Pictures with short captions
>>>

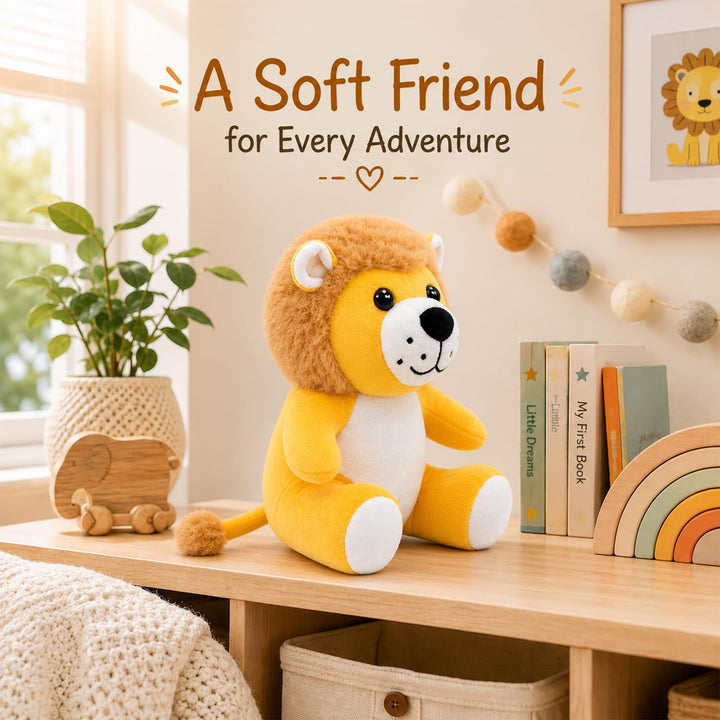 Webby Plush Lion Soft Toy Stuffed Animal for Kids
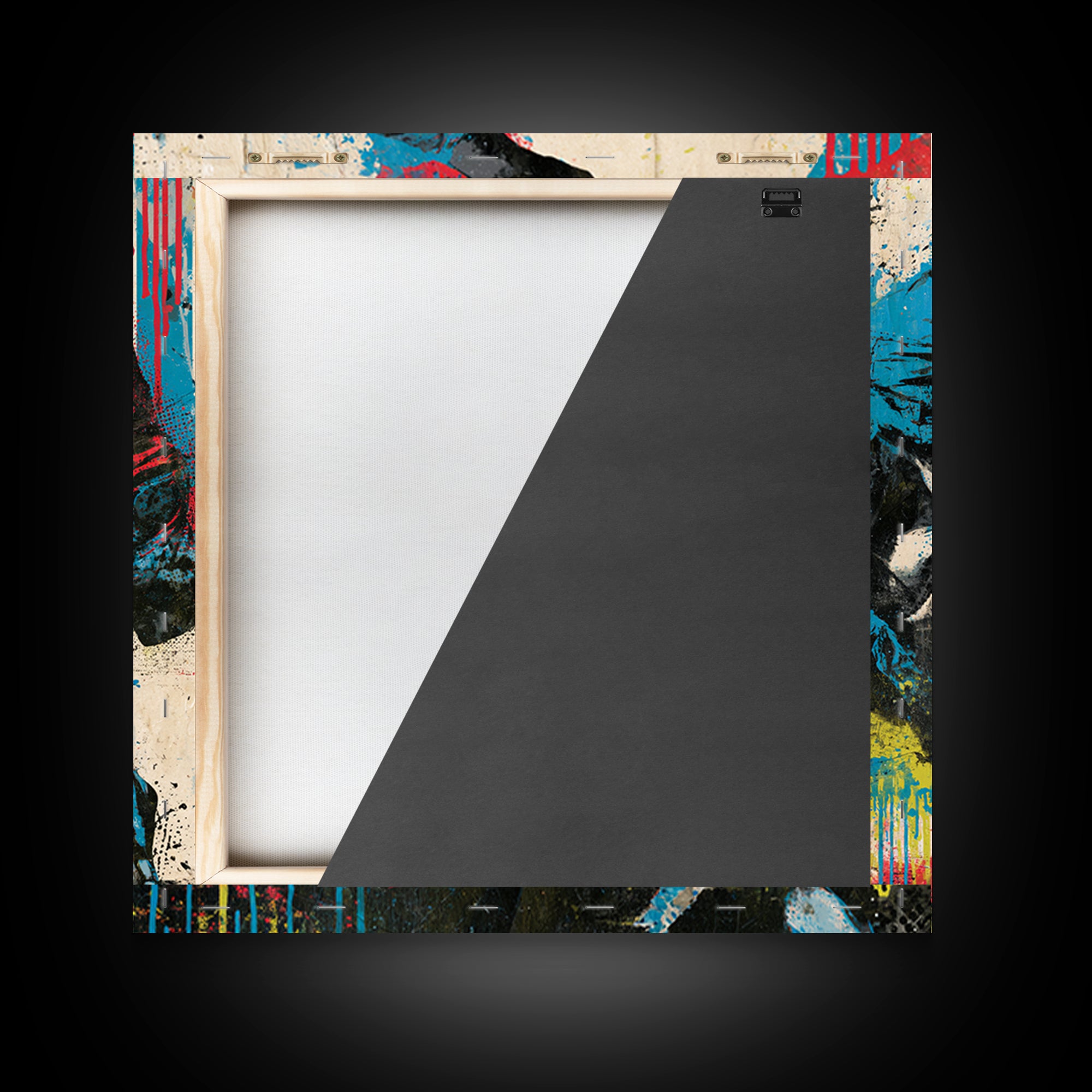 Breakdancer Frozen in Energetic Motion Framed Canvas Print, Street Art, Anime Art, Living Room Decor, Abstract Art, Urban, STR-1x1-42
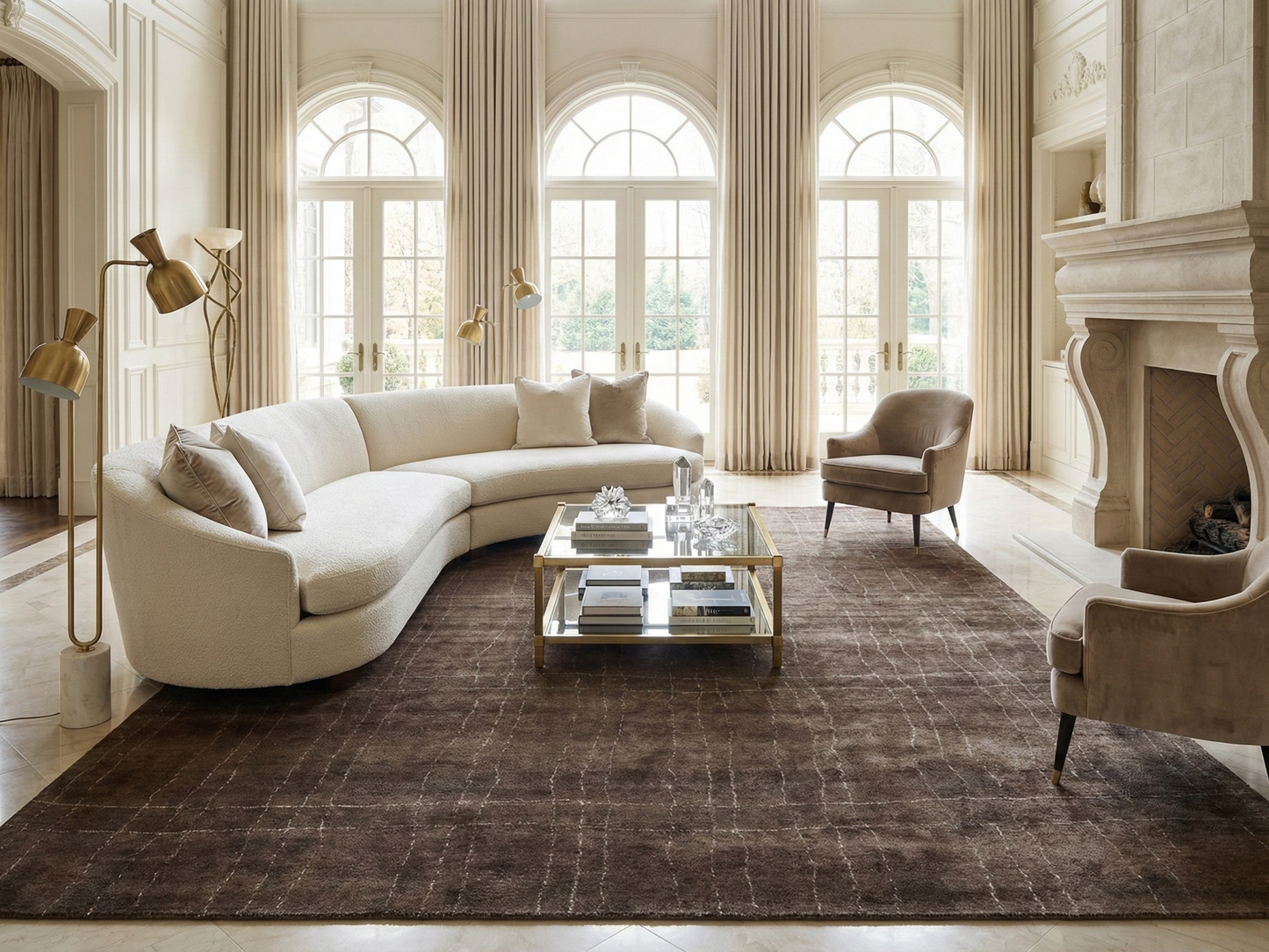 Artisan Marion Chocolate Contemporary Knotted Rug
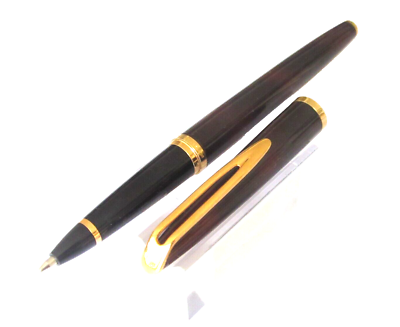 Stylo Roller Waterman CF Laque Automnale - Recharge Neuve - Très Bon état Occasion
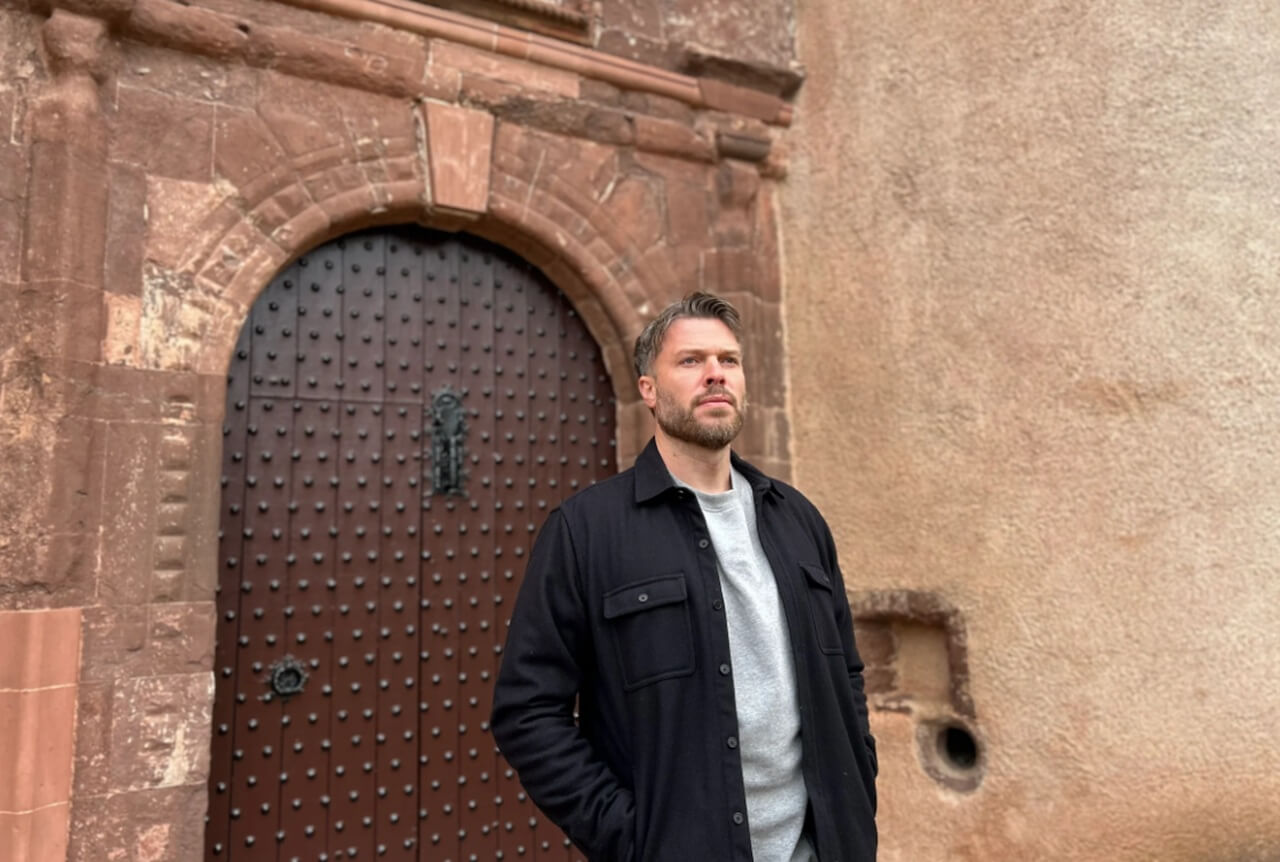 Historic British castle exterior featured in the AI-powered documentary ‘Castles SOS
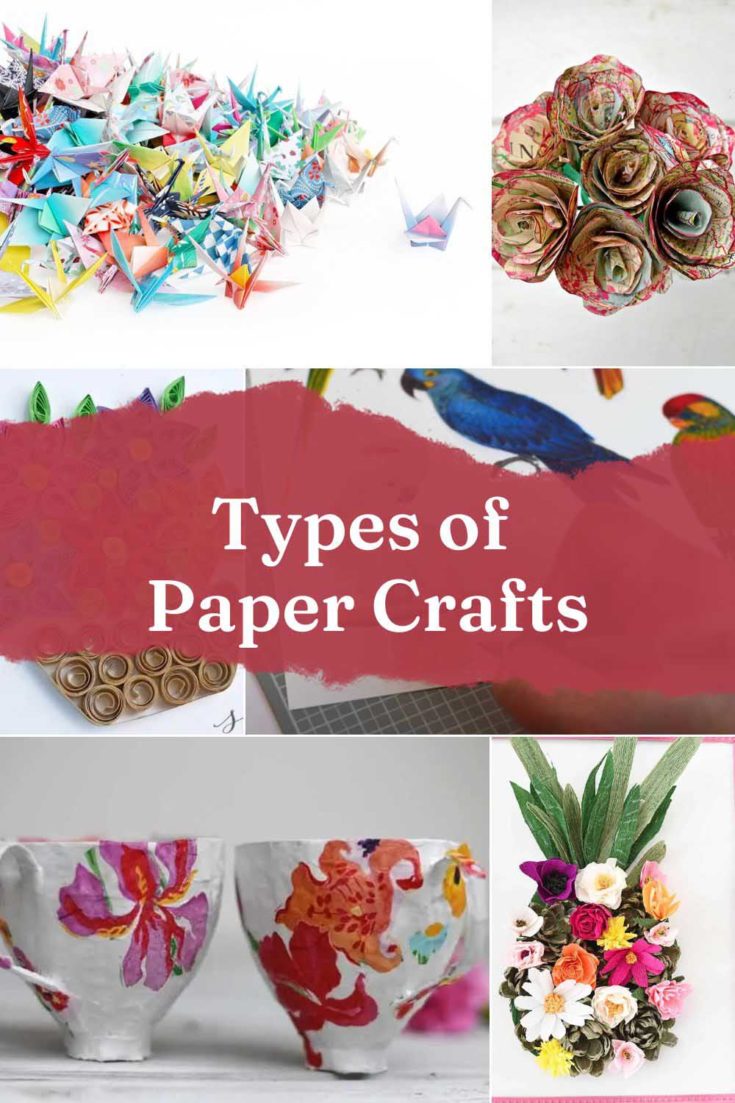 Pictures of different paper crafts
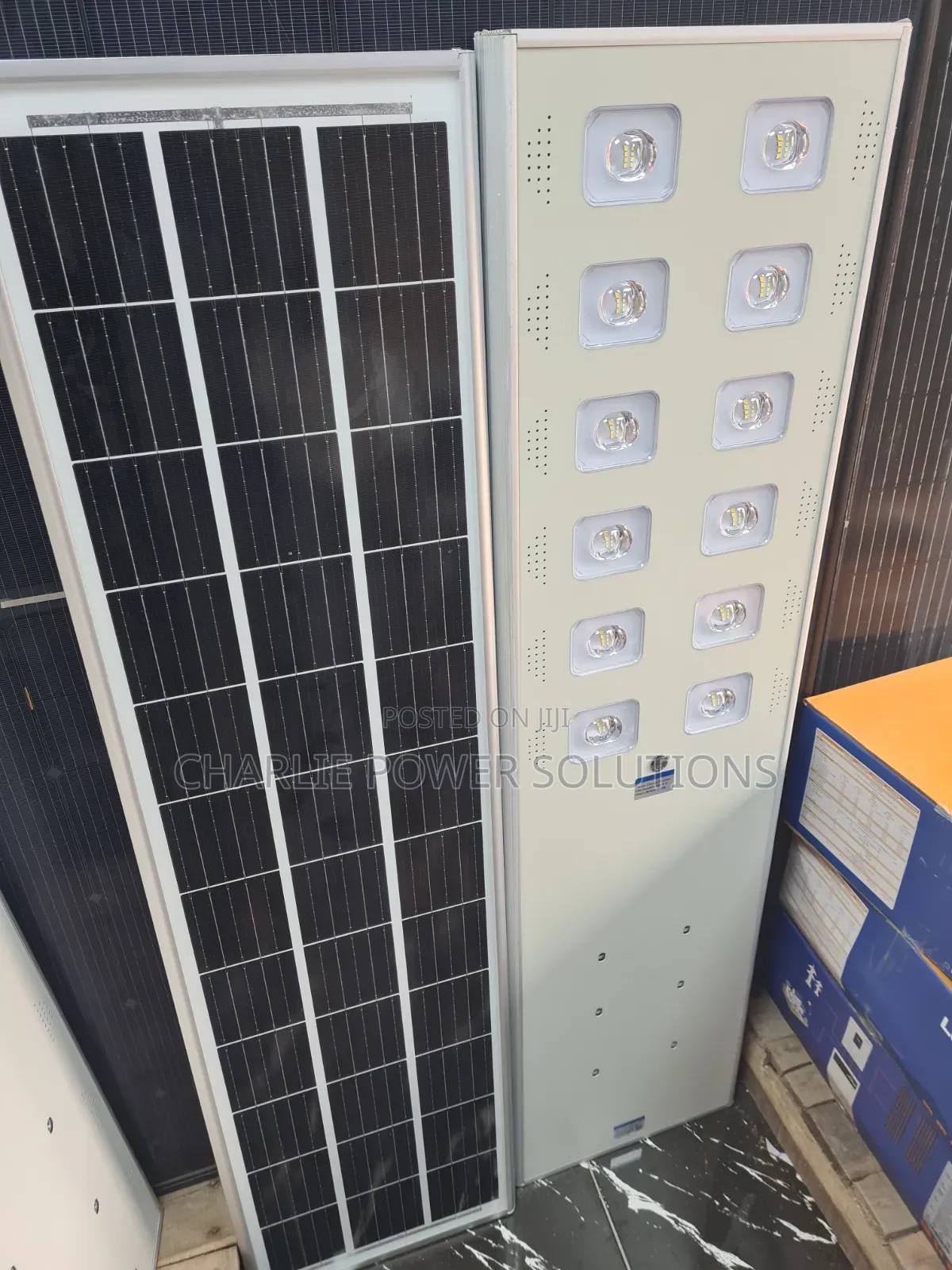 Original Wakatek 12eyes All in One Aluminium Body Solar Streetlight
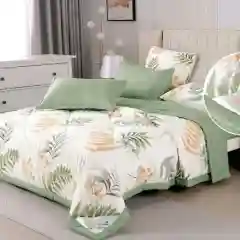 Золотой комплект постельного белья, с одеялом-покрывалом, евро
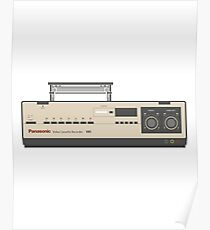 Retro VHS Player Video Cassette 80s Electronics Poster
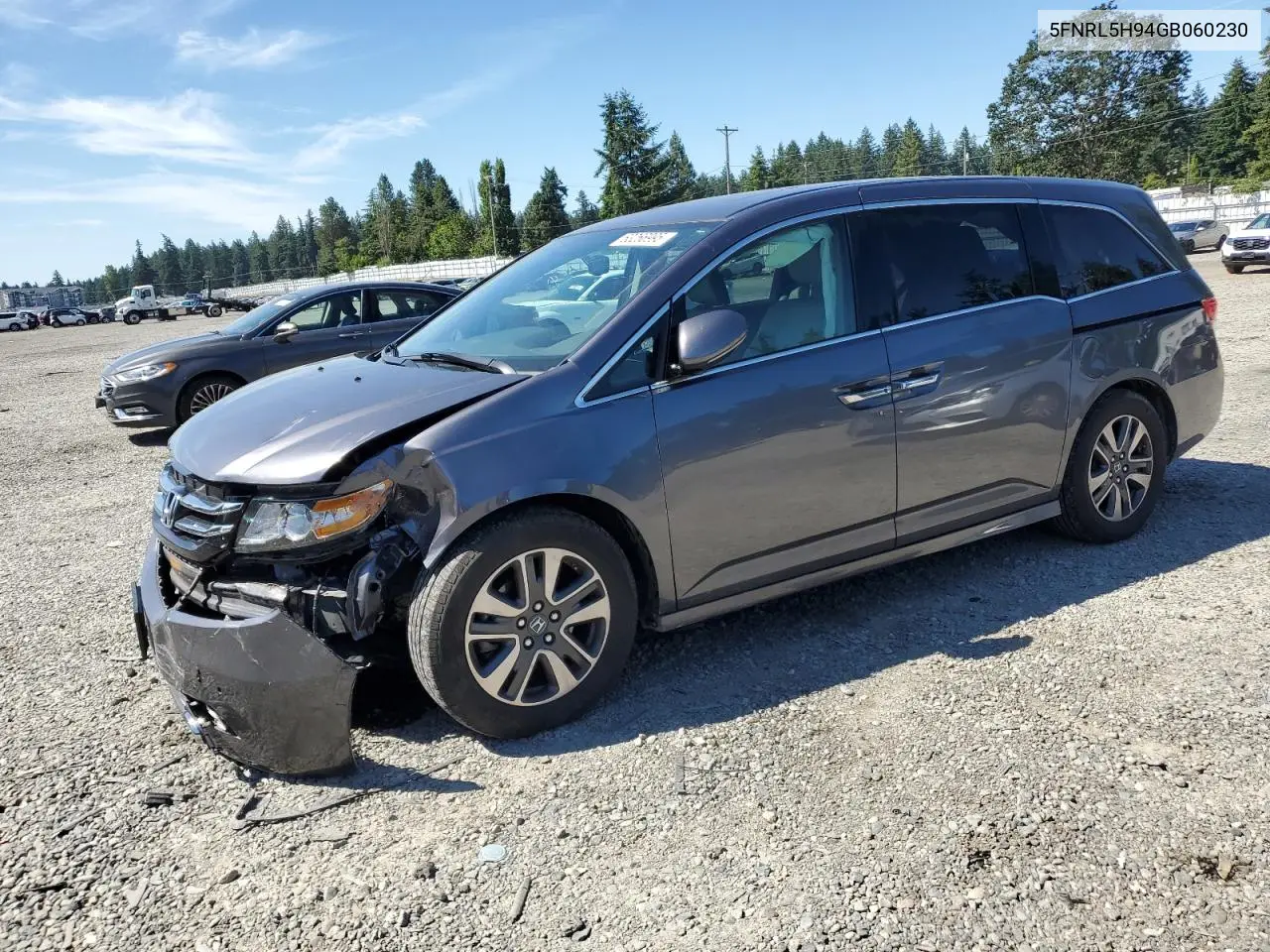 2016 Honda Odyssey Touring VIN: 5FNRL5H94GB060230 Lot: 63266995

<<<

# Exercise details
Each line from the line containing "Pictures of different paper crafts" through the last line above must be written out exactly, and every picture must be omitted.

# Solution
 Pictures of different paper crafts
 Original Wakatek 12eyes All in One Aluminium Body Solar Streetlight
 Золотой комплект постельного белья, с одеялом-покрывалом, евро
 Retro VHS Player Video Cassette 80s Electronics Poster
 2016 Honda Odyssey Touring VIN: 5FNRL5H94GB060230 Lot: 63266995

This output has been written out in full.